Georgia
26 December 2022

Первоначальное накопление

Унижение и энтузиазм в Грузии

© Mariam Nikuradze / OC Media


В этой статье антрополог и член социалистического движения «Хма» (Голос) Гиорги Хасаиа описывает постсоциалистическую экономическую модель Грузии, своеобразную форму капитализма — олигархический капитализм. Гиорги Хасаиа считает, что хотя эта форма общественных отношений возникла в России после реформ Егора Гайдара, в полной мере реализовалась она в Грузии. В условиях постсоветского олигархического капитализма страна превращается в «демократию низкой интенсивности», граждане теряют влияние на политику, а их судьбы решаются не в парламенте, а на рынке — производя при этом унижение, безысходность и отчаяние. В Грузии этой модели общественных отношений противостоит «энтузиазм сопротивления», форма протеста, возникшая в грузинских селах и пришедшая в города.

ქართული   English   Русский


16 января 2022 года 52-летний вынужденный переселенец из Абхазии, проживавший в бывшем санатории «Картли», прыгнул с крыши 7-этажного дома. Вынужденные переселенцы, живущие в этом доме, давно просят власти предоставить им квартиры. Только звук падения тела на землю смог вызвать общественную реакцию: после самоубийства правительство дало публичное обещание быстро предоставить вынужденным переселенцам квартиры. Такова трагедия безмолвных — их голос слышен только как доказательство их собственного физического отсутствия, их тотальной уязвимости, ужаса, случившегося с ними. Молодой человек, живущий в том же санатории, говорит, что им пришлось устроить кухню на месте, где раньше был туалет. Так унижение внедряется в повседневную жизнь, и даже когда мы не помним самого факта унижения, оно продолжает существовать подобно вирусу, мутирует, подавляя слабые антитела, вызывая безысходность и отчаяние.

17 декабря 2019 года 15-летний школьник Лука Сирадзе после возвращения из полиции, где он шесть с половиной часов подвергался допросам и угрозам, прыгает с 9 этажа. 15-летнего Луку обвиняли в том, что он пробрался в частную школу и оставил там надпись на стене.
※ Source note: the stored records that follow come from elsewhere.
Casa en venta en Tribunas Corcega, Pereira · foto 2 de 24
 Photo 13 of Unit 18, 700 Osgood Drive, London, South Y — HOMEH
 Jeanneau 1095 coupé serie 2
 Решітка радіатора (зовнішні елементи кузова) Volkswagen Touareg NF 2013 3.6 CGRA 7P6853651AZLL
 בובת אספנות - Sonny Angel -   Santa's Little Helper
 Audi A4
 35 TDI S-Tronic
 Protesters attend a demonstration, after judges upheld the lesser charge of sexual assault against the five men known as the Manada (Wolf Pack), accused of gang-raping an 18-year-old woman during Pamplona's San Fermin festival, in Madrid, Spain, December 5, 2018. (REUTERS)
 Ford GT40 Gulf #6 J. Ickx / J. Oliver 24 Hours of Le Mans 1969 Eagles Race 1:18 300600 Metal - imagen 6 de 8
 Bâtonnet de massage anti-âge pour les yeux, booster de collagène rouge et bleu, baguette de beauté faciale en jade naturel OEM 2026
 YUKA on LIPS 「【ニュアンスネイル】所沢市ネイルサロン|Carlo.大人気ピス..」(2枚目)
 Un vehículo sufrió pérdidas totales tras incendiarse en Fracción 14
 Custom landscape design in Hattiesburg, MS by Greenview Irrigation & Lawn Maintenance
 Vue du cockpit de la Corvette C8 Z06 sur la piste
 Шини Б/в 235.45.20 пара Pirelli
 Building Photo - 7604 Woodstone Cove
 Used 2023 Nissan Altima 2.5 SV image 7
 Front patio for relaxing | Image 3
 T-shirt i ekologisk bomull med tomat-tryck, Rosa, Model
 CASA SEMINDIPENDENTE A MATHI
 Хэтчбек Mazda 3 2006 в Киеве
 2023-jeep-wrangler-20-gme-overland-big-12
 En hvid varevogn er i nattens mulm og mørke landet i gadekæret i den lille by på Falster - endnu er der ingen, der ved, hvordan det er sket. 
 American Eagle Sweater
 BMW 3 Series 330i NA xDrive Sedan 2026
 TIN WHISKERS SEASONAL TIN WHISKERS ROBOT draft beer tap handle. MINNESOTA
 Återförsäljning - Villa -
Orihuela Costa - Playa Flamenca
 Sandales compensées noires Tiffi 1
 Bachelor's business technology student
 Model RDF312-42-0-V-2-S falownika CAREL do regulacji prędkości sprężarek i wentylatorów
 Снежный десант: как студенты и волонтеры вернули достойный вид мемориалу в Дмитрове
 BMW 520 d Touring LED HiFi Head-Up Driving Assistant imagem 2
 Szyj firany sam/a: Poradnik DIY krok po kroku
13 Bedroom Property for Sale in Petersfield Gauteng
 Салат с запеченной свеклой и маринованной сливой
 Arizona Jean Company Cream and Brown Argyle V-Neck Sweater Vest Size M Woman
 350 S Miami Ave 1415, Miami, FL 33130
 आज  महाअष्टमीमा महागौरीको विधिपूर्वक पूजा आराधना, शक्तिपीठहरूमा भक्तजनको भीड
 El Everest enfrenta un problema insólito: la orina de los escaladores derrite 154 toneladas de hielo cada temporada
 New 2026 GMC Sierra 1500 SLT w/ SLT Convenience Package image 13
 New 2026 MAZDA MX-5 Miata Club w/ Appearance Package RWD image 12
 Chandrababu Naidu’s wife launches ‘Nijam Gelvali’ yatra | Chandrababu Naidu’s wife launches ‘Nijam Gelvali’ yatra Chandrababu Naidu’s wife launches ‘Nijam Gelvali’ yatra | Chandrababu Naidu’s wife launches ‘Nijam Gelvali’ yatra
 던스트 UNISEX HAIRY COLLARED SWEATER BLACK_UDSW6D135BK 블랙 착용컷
В связи с порчей имущества школа обратилась в полицию. На стене было написано «… эту жизнь». Порядок, в котором мы живем, имеет свою логику развития, и по этой логике Лука Сирадзе нанес ущерб частной собственности. Любое посягательство на частную собственность является для этого порядка смертным грехом. Потому что все в нашей стране делается для создания и защиты частного собственника — реформы образования, налоговые реформы, политические баталии, протестные маскарады. И полиция обычно обращается с нами соответственно нашему классовому происхождению. Для этого и была создана и реформирована наша полиция — она должна защищать имущих от опасных желаний неимущих.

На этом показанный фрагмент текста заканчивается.